*EXERCISE DIRECTIONS*: Work through the listing below and give again exactly the lines from the one with "Farmina N&D Tropical" to the one with "Apartamento - Stiep", both ends included. All other lines and all pictures stay out.
(RECORDED INFORMATION begins)
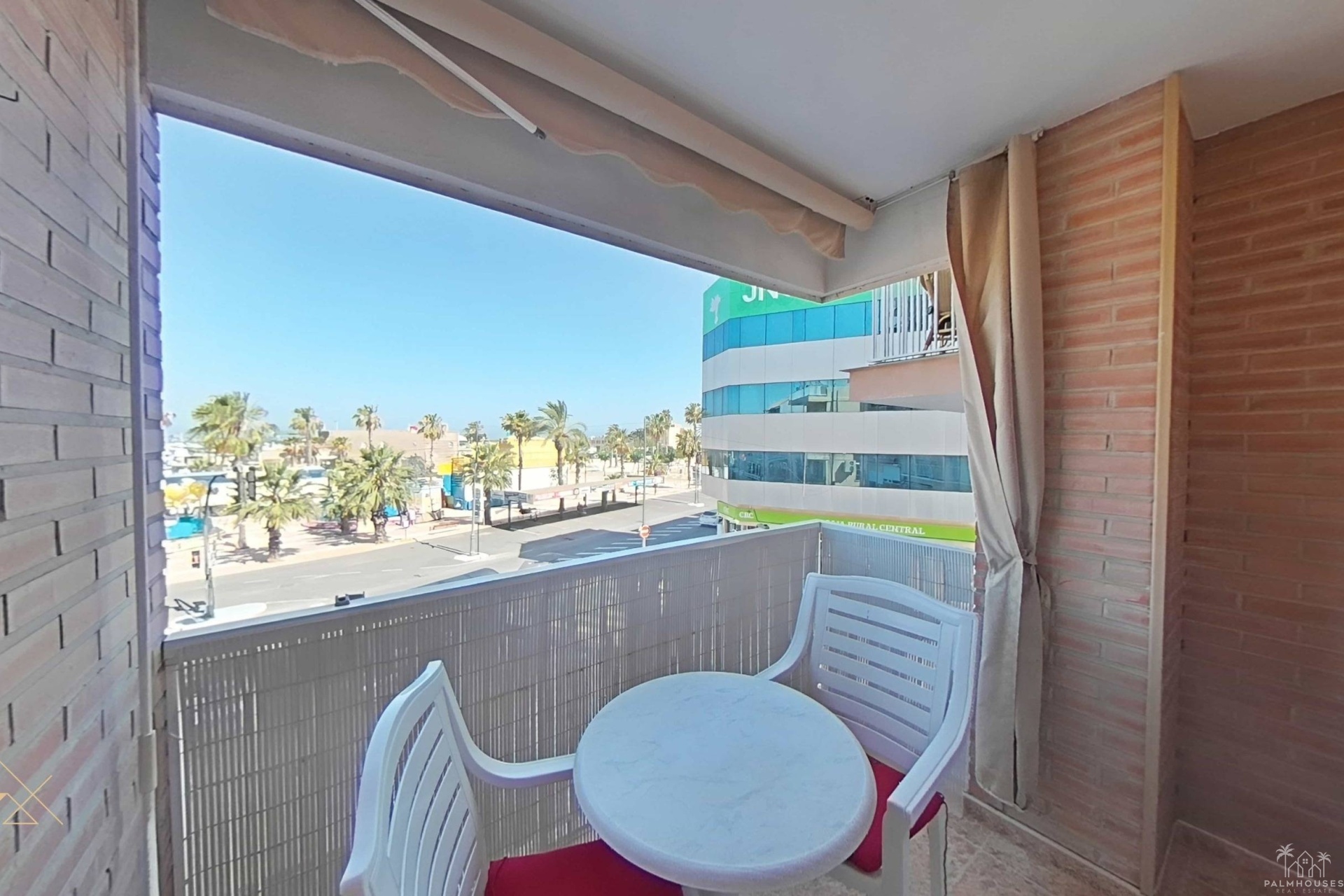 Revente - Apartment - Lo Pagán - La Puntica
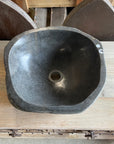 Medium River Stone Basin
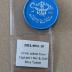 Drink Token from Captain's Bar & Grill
(RECORDED INFORMATION ends)
(RECORDED INFORMATION begins)
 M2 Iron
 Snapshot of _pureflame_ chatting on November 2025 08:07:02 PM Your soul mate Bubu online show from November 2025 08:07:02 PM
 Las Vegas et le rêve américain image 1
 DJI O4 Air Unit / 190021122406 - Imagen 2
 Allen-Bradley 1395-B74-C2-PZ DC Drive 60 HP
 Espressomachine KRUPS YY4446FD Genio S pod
(RECORDED INFORMATION ends)
(RECORDED INFORMATION begins)
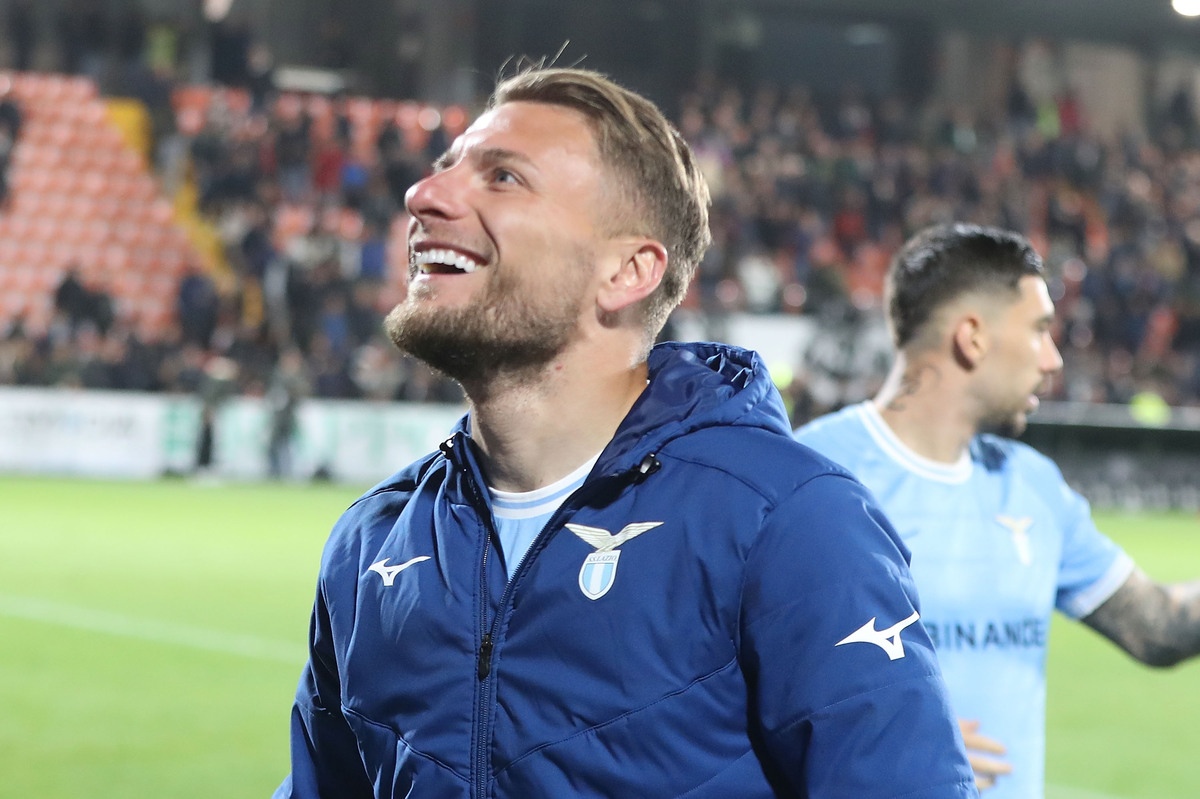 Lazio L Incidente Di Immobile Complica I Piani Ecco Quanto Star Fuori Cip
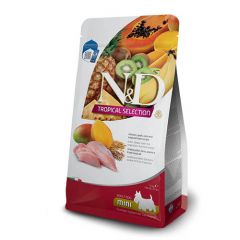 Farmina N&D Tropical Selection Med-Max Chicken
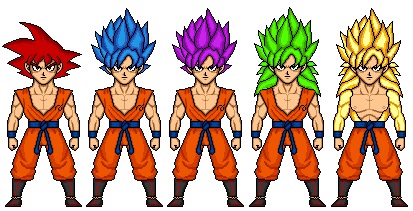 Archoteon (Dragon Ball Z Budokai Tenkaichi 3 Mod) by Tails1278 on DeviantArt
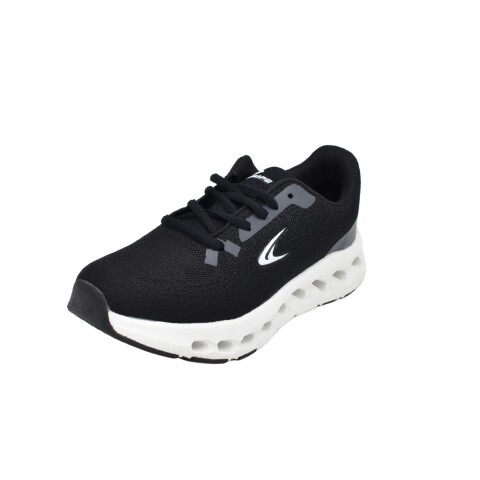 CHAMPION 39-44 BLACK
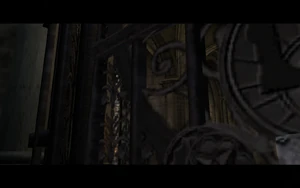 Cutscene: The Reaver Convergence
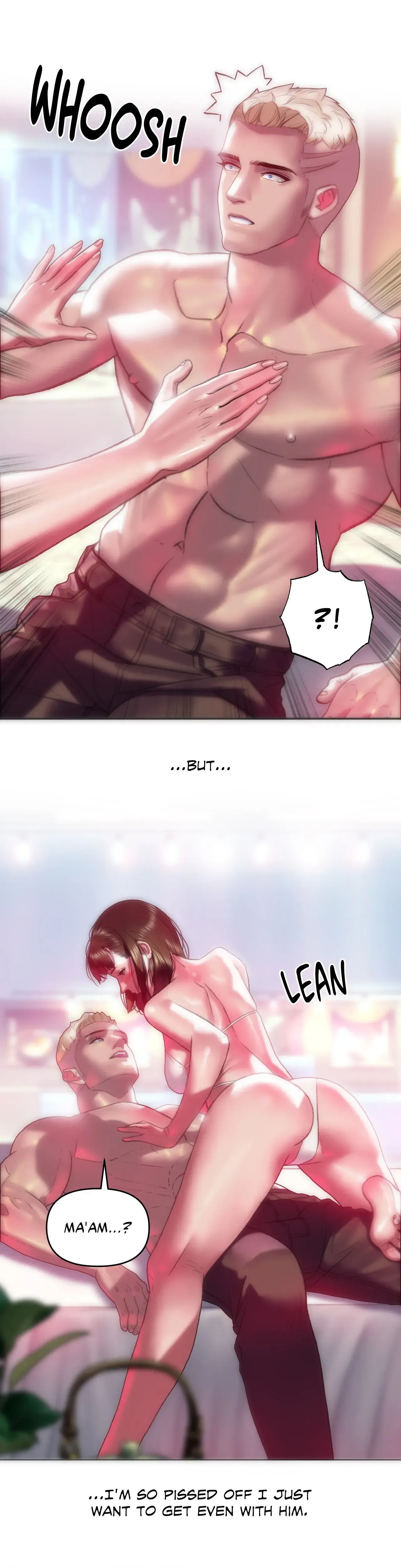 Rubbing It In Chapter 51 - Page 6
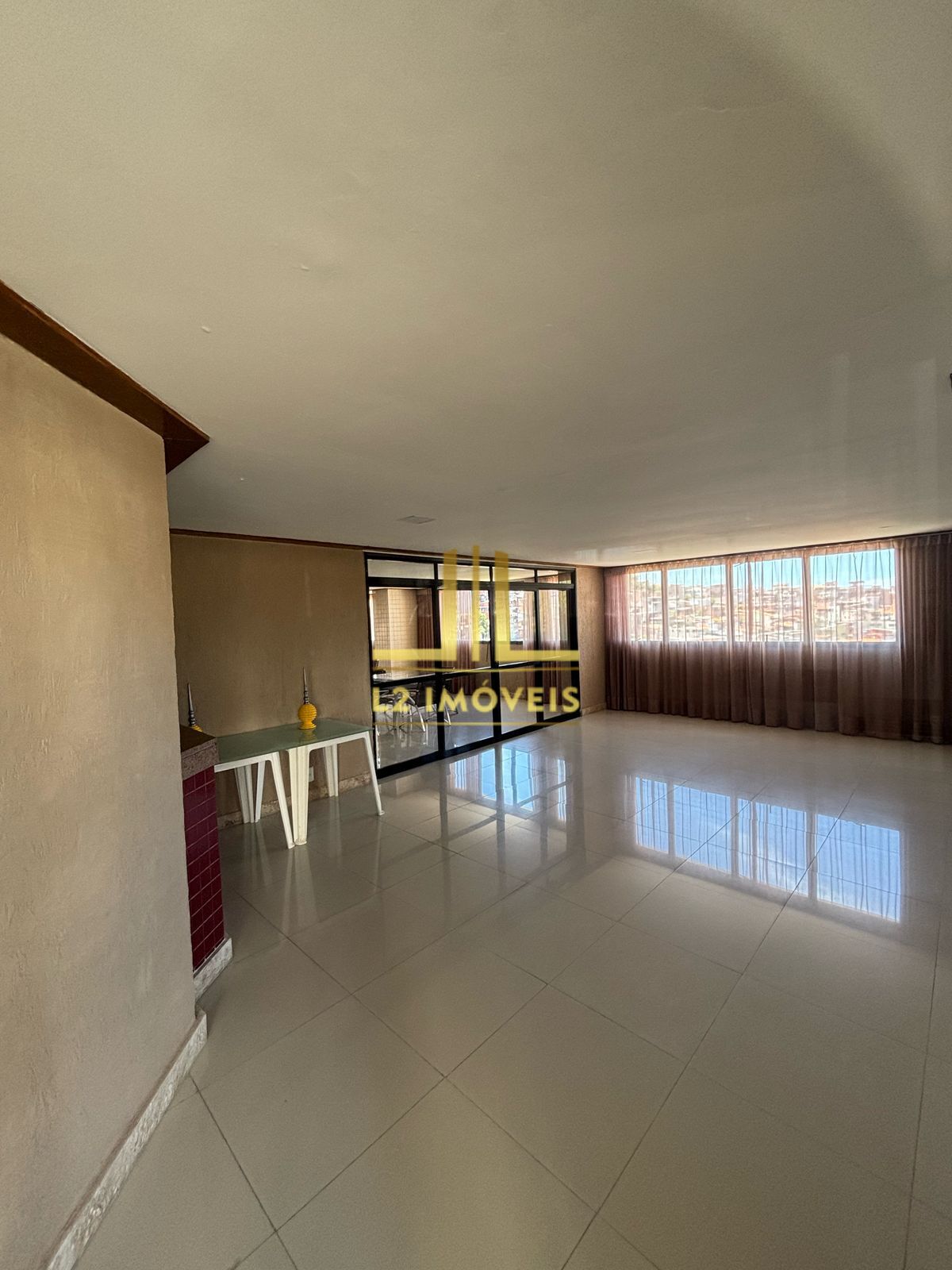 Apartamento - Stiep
(RECORDED INFORMATION ends)
*ANSWER TO THIS PROBLEM*:
 Farmina N&D Tropical Selection Med-Max Chicken
 Archoteon (Dragon Ball Z Budokai Tenkaichi 3 Mod) by Tails1278 on DeviantArt
 CHAMPION 39-44 BLACK
 Cutscene: The Reaver Convergence
 Rubbing It In Chapter 51 - Page 6
 Apartamento - Stiep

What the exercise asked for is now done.